DCPD: Introduction

For additional DCPD information, see

  1. Introduction
  2. Framework
  3. Envelope
  4. Extensions
  5. Common Formats

Introduction

Several years ago I thought long and hard about a computer file format to represent chess problems. It didn’t end up in anything close to what a file format specification needed to be, and I more or less abandoned the attempt when the task eventually proved to be too big.

In this series of posts I’m hoping to return to a subset of that task, focussed on preservation of pre-1900 problems, and split up into subtasks (or at least allow such subtasks to be created). This removes the entire field of modern unorthodox chess pieces, boards and rules from immediate consideration, although it retains historical chess pieces, rules and stipulations.

The general design principles of that first attempt were something on the following lines:

  • Use already existing standards when possible.

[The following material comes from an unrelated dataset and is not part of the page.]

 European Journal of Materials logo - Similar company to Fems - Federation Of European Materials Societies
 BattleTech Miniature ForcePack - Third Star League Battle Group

  • Design for information interchange (involving some form of publication concept).

  • Legibility to humans and ease of implementation is not very important.

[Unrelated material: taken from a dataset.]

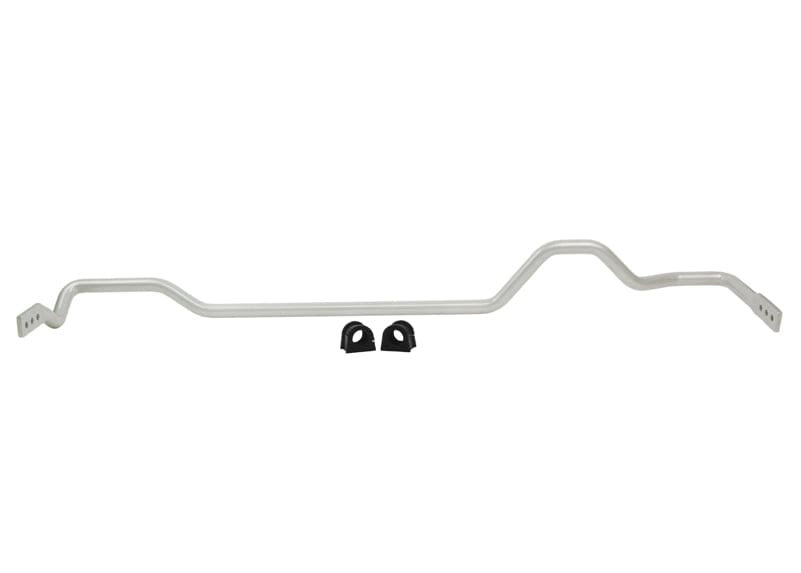 Whiteline 120 x 20 x 10 cm Rear Sway Bar - 24mm 3 Point Adjustable to Suit Subaru Impreza GD WRX STi SR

  • In data, all alphabets have equal value

  • van der Poel’s principle applies (have either 0, 1, or an infinite number of anything).

  • define mechanisms, not policies

They still seem worthwhile today.

The “design language” that will be used is closely related to JSON, and it may be possible to create a JSON format from it. The main purpose, however, is to represent design structures without using special development tools or graphics for the job, and instead using textual descriptions. Creating a actual JSON or XML or … whatever format is another task, and won’t be considered here. Probably.

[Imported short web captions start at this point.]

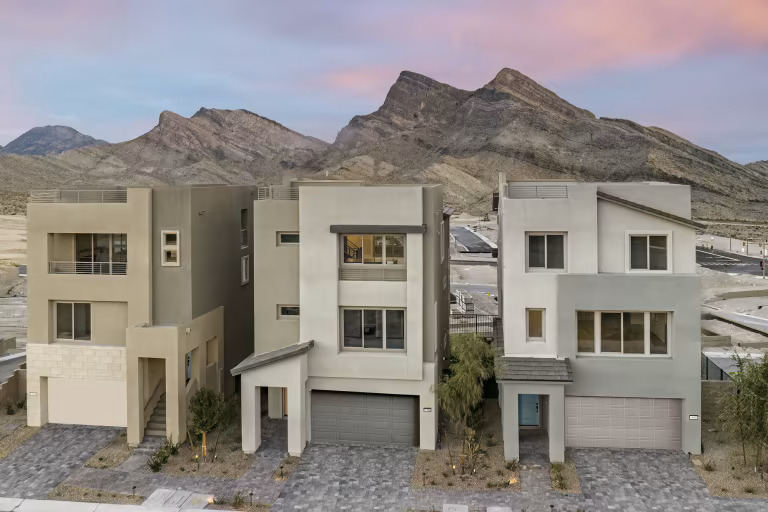 Blacktail by Pulte Homes The Thomas Group LV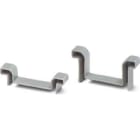 Phoenix Contact - NS 35/ 7,5 CAP - NS 35/ 7,5 CAP - Capot de protection pour rail DIN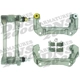 Purchase Top-Quality Front Left Rebuilt Caliper With Hardware by ARMATURE DNS - SC4445 pa5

If you know JSON, you will probably be able to understand the design language without any major problems. The main differences are:

  • names in name-value pairs don’t have quotes

  • consecutive name-value entries are usually not separated by “,”.

  • comments are indicated by --, after which req and opt indicate if the field is required or optional.

  • ... (three periods) indicate omitted stuff. It is often things I haven’t thought about in any great detail, or that is detailed elsewhere.

As this is a design language format, file structures. character sets and end-of-line conventions do not really enter the picture. Those are part of realization or implementation phases.

The abbreviation ‘DCPD’ will be used to refer to this design format.